Tian Taiquan graduated from Sichuan Fine Arts Institute in 1988. He is currently a resident artist at Tank Loft, Chongqing Contemporary Art Centre.
Chongqing born photo-artist, Tian Taiquan has created a series of stunning, haunting, and emotionally charged works that he calls “Revolutionary Pictures.” These photographs take the backdrop of the Red Guard cemetery in Chongqing to illustrate various dichotomies. Through superimposition, the use of collages and digital manipulation, Tian Taiquan raises many questions through twinning and juxtaposition – Memory & Loss; Death & Sex; Belief & Incarnation; Sacrifice & Injustice. Within his lens, the burial ground becomes a fundamental site for the exploration of these issues.

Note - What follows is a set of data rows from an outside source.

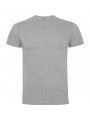 CAMISETA DOGO PREMIUM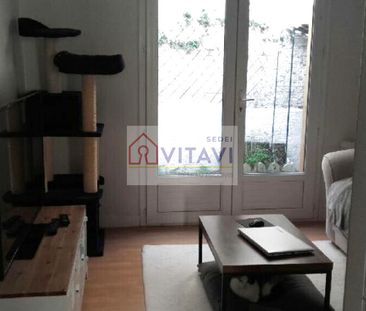 Location Maison 2 pièces 41m² BEAUVAIS 60000 - Photo 2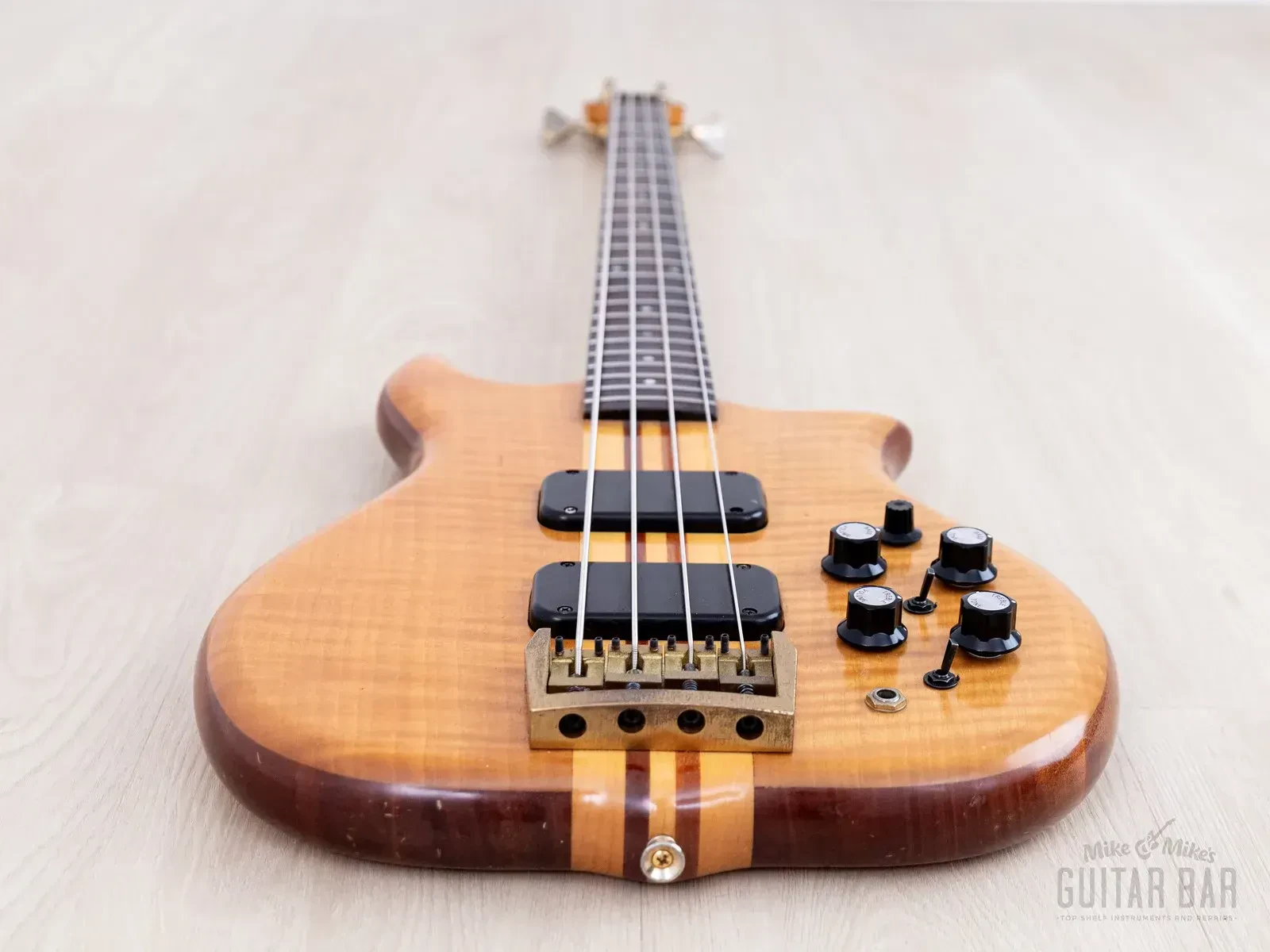 Изображение №8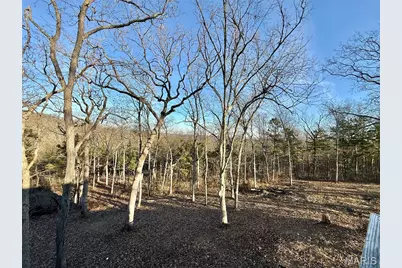 5362 W Anding Drive, Catawissa, MO 63015 - Photo 29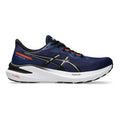 GT-1000 13 Stability running shoe Men - blue, white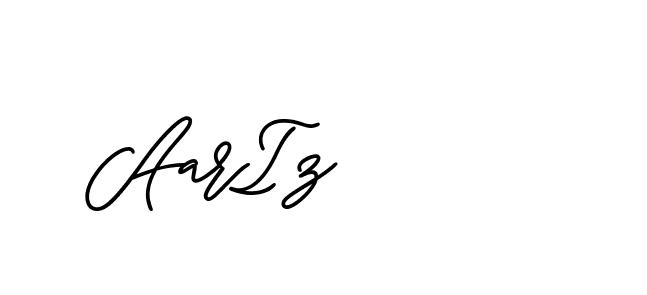 The best way (ButtekDemo-nRK74) to make a short signature is to pick only two or three words in your name. The name Ceard include a total of six letters. For converting this name. Ceard signature style 2 images and pictures png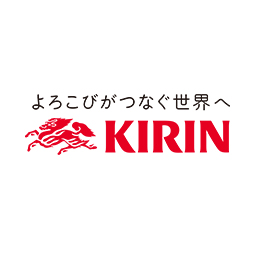 キリンホールディングス株式会社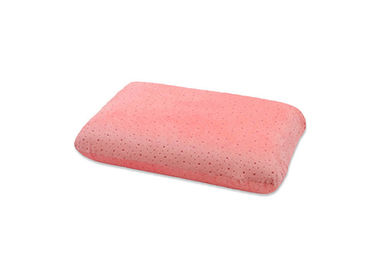 Inovasi lembut Sleep Memory Foam Pillow untuk Perut Sleepers / Nyeri Leher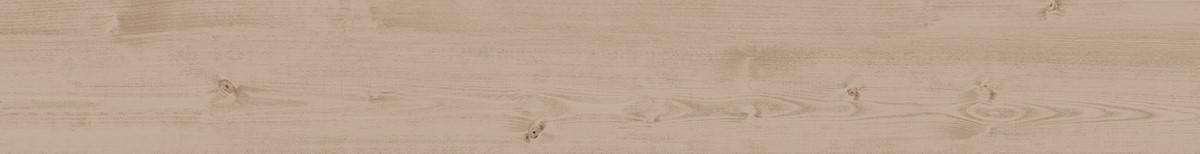 Керамогранит Гранд Вуд беж светлый 20х160, DD750300R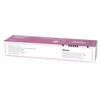 Flamir-Adapaleno-0,3%-Gel-Tópico-30-gr-imagen-3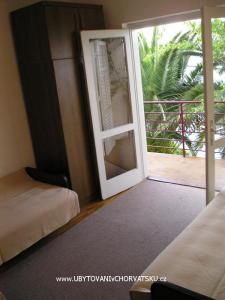 Villa Bartulovic foto 5
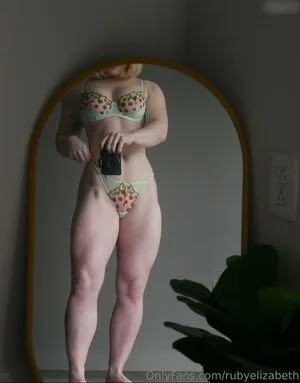 Cdzfit OnlyFans Leaked Free Thumbnail Picture - #TQ2sgHZ6Qg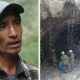 Nepal: Penyelamat Masih Berharap Temukan Penyintas di Terowongan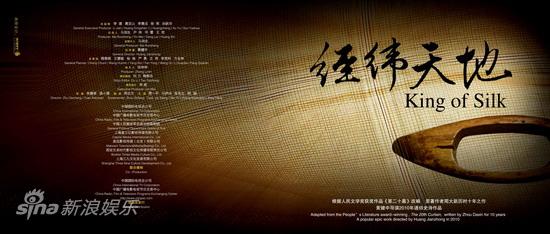 http://www.fjsenfa.cn/pics/default/download/dc7243636620c0ee43ac5c1f977630b8.jpg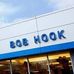 Tim Hagan at Bob Hook Chevrolet - Facebook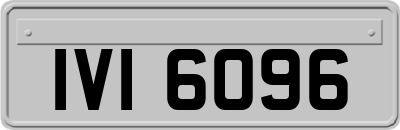 IVI6096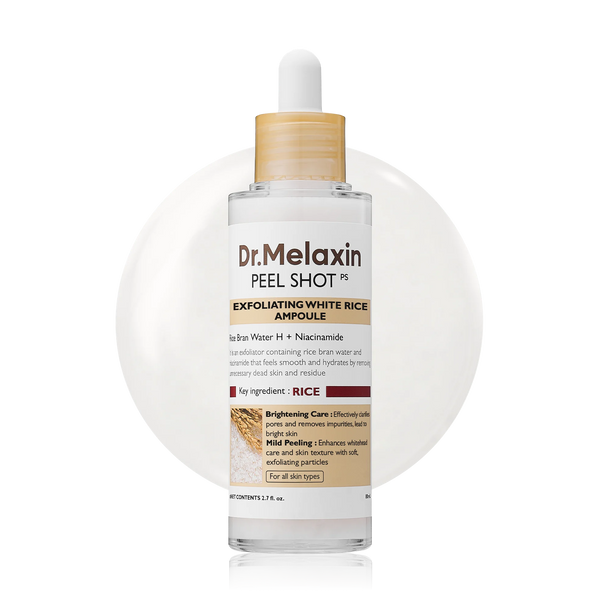 Sloughs Dead Skin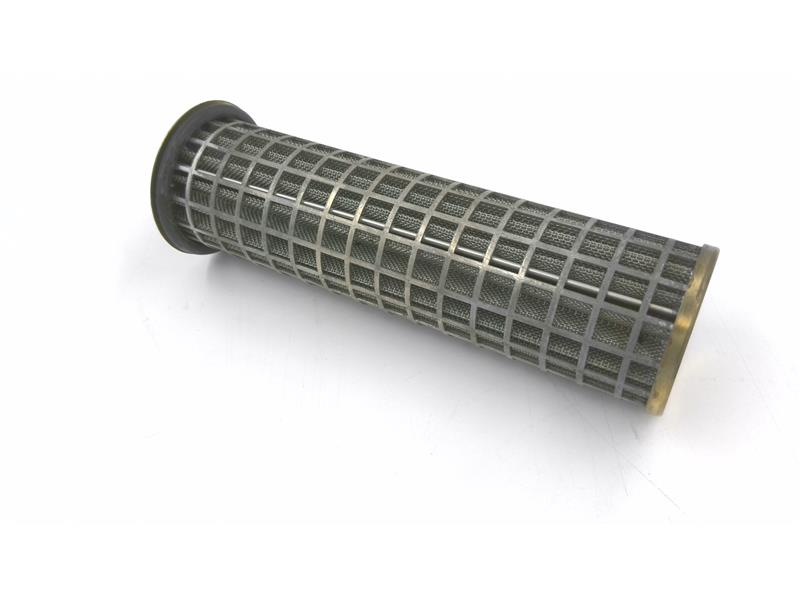 REGELTECHNIK 062-056-02052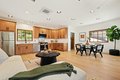 Additional image 60 of 5758-60 Las Palomas, Rancho Santa Fe, CA, 92067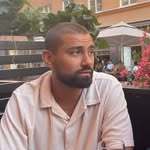 Carl M Andersson - @carlmandersson - Instagram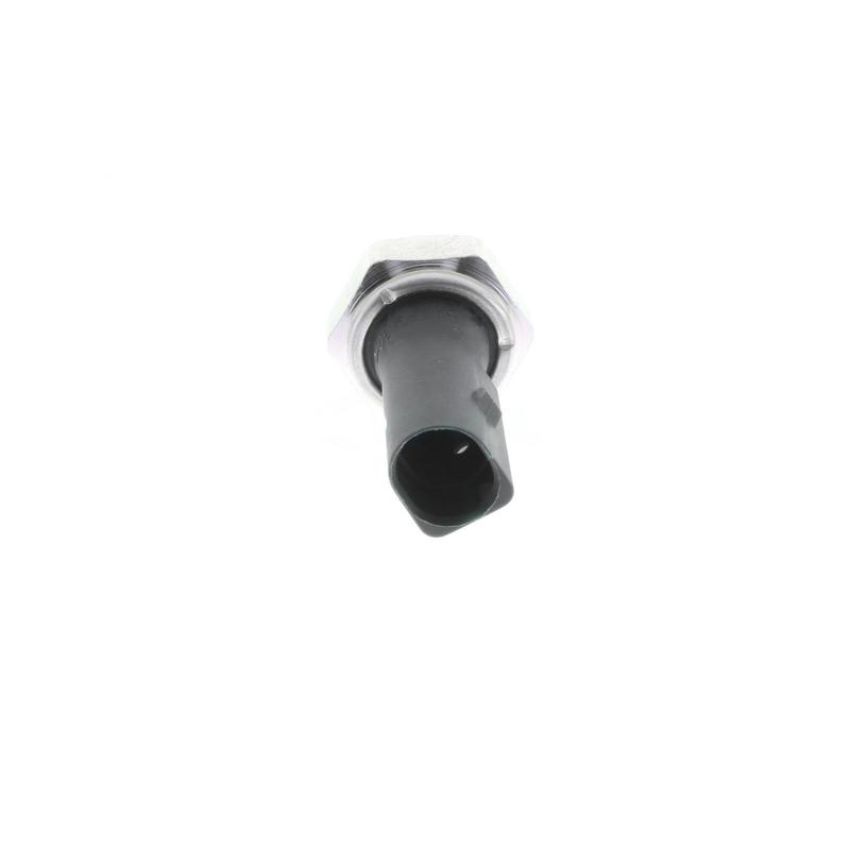 VEMO V15-99-1999 Oil Pressure Switch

In these photographs, even though the graveyard is a site of important historical significance, the names of the deceased Chongqing residents have been long since forgotten. This place has become a site of much evil and darkness, full of sinister gloom. In truth, Tian Taiquan has cleverly made use of this grave site to resurrect the context of history. Here, official history books have been made unofficial, the solemn and grave have been rewritten as forlorn and bleak. From another point of view, the logic behind these rewritings can be defied, death has been inversed and is now has sexual allure, skeletons are now flesh and blood. But, what Tian Taiquan truly wants to portray is not the cemetery, but the ghosts and spirits, or more specifically, female ghosts. By juxtaposing the green uniform of the Red Guard with tantalizing glimpses of lush white female flesh in a decrepit setting of the graveyard, it akin to likening ghosts with sexual fantasy thrown into this dark world of ours.
These photographic works have constructed, for these fiery and passionate revolutionaries, a looking glass in Hades, and has created for us a revolution narrative version of the erotic stories of “Liao Zhai.”